Generate To Adapt: Aligning Domains using Generative Adversarial Networks
Sankaranarayanan, Swami
and
Balaji, Yogesh
and
Castillo, Carlos D.
and
Chellappa, Rama
arXiv e-Print archive - 2017 via Local Bibsonomy
Keywords:
dblp
_Objective:_ Use a GAN to learn an embedding invariant from domain shift.
_Dataset:_ [MNIST](yann.lecun.com/exdb/mnist/), [SVHN](http://ufldl.stanford.edu/housenumbers/), USPS, [OFFICE](https://cs.stanford.edu/%7Ejhoffman/domainadapt/) and [CFP](http://mukh.com/).
## Architecture:
The total network is composed of several sub-networks:
1. `F`, the Feature embedding network that takes as input an image from either the source or target dataset and generate a feature vector.
2. `C`, the Classifier network when the image come from the source dataset.
3. `G`, the Generative network that learns to generate an image similar to the source dataset using an image embedding from `F` and a random noise vector.
4. `D`, the Discriminator network that tries to guess if an image is either from the source or the generative network.
`G` and `D` play a minimax game where `D` tries to classify the generated samples as fake and `G` tries to fool `D` by producing examples that are as realistic as possible.

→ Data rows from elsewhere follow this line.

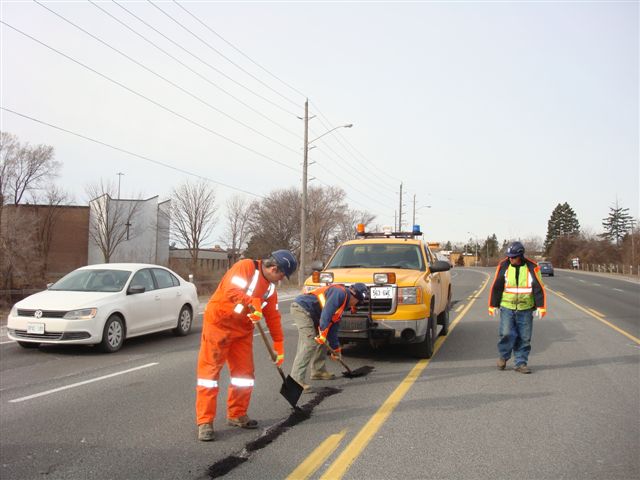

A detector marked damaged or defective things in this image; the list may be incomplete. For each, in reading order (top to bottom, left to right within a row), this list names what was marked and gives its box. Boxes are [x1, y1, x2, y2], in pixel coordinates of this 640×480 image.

fresh asphalt patch [208, 388, 342, 478] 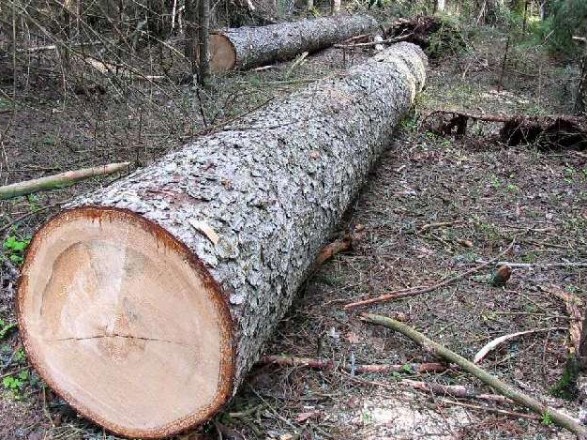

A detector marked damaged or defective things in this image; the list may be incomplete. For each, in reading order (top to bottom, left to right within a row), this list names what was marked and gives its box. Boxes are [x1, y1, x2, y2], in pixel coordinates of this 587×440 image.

broken stick [360, 312, 587, 438] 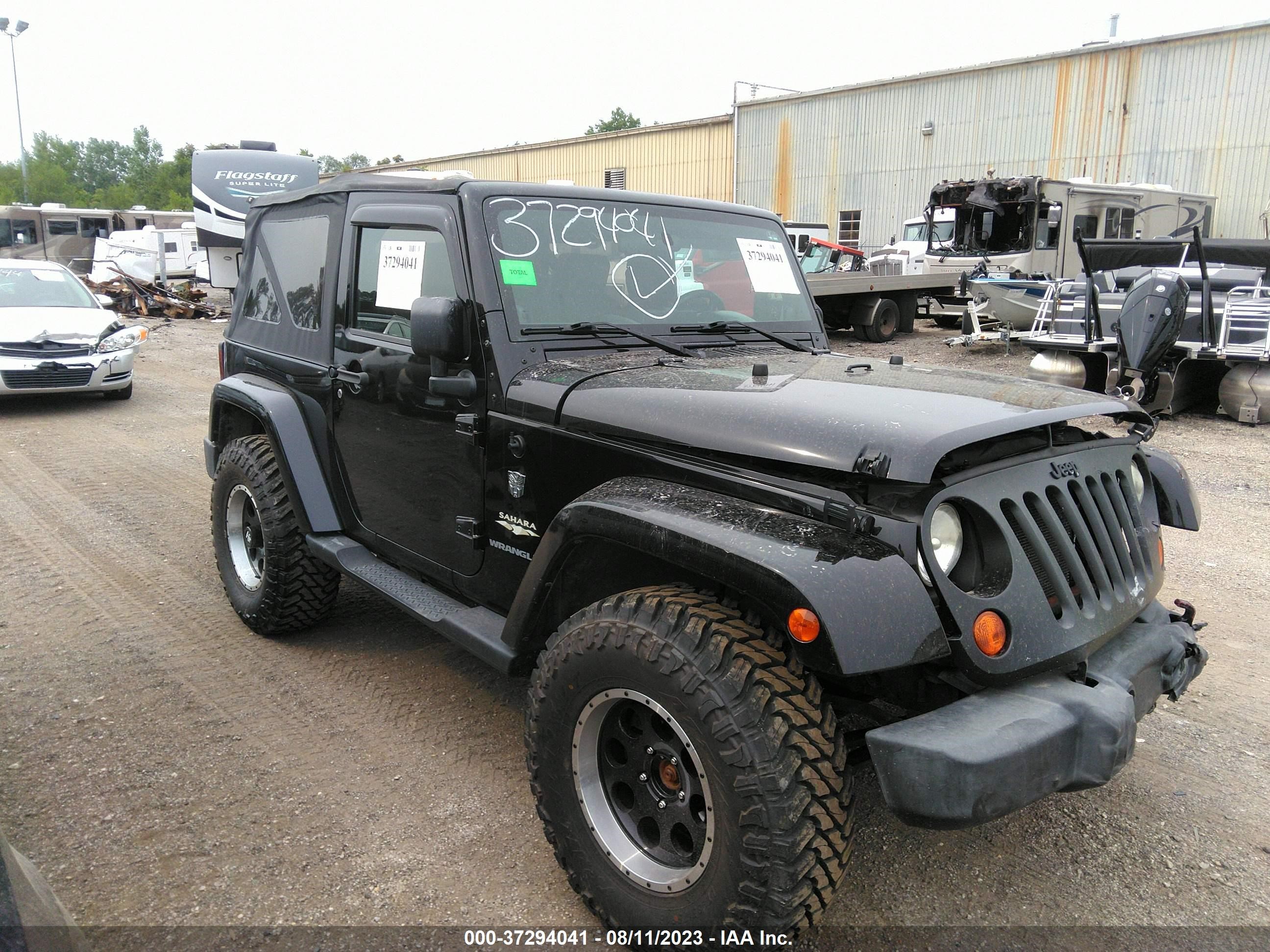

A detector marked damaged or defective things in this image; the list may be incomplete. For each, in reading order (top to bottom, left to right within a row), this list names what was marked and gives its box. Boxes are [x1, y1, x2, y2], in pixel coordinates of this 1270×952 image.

damaged sedan [0, 259, 145, 400]
front bumper damage [866, 603, 1207, 827] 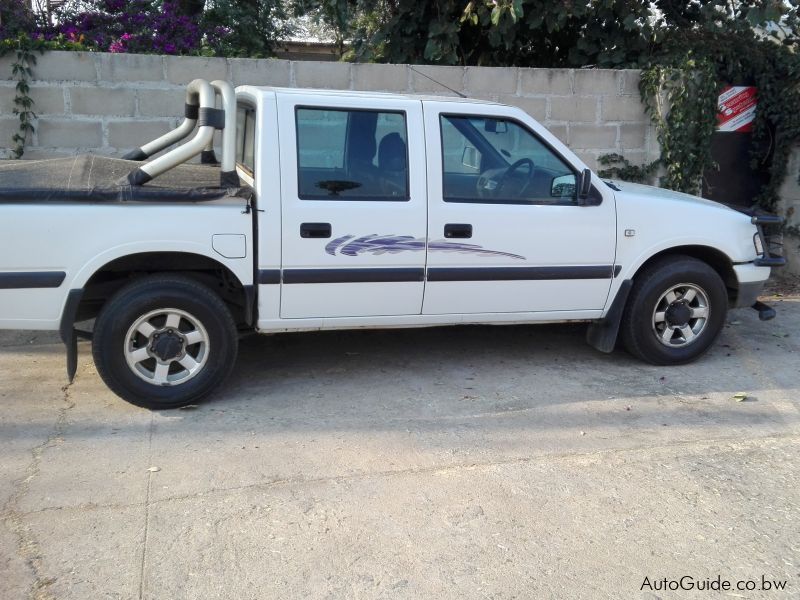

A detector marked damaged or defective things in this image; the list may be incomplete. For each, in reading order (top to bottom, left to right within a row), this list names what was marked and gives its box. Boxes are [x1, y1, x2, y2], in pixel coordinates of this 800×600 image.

crack in concrete [0, 384, 76, 600]
crack in concrete [14, 428, 800, 516] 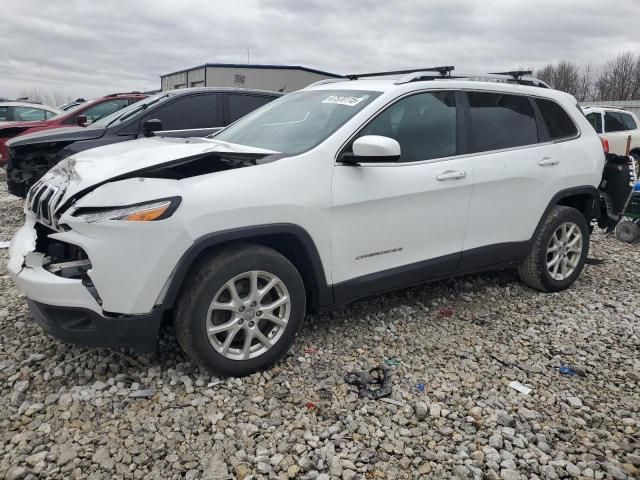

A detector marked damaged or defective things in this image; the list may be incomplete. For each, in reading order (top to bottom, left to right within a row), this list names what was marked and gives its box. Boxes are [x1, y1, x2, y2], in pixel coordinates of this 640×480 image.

crumpled hood [38, 135, 278, 206] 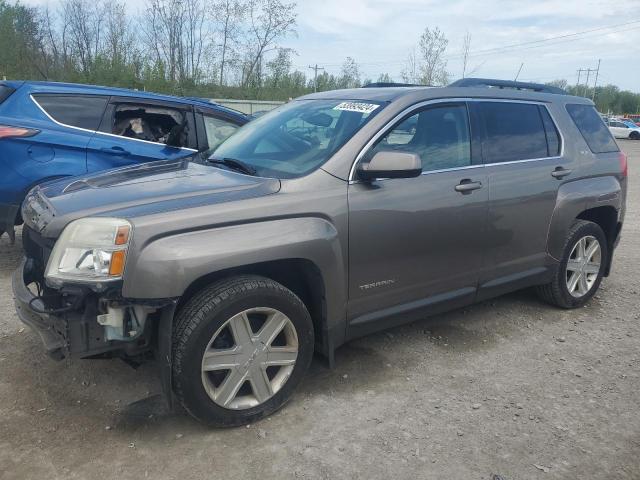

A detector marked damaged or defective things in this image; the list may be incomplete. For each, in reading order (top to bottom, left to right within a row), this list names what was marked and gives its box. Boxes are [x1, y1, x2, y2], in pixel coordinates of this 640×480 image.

The scheme for training the network is the following:
[![screen shot 2017-04-14 at 5 50 22 pm](https://cloud.githubusercontent.com/assets/17261080/25048122/f2a648b6-213a-11e7-93bd-954981bd3838.png)](https://cloud.githubusercontent.com/assets/17261080/25048122/f2a648b6-213a-11e7-93bd-954981bd3838.png)
## Results:
Very interesting, the generated image is just a side-product but the overall approach seems to be the state-of-the-art at the time of writing (the paper was published one week ago).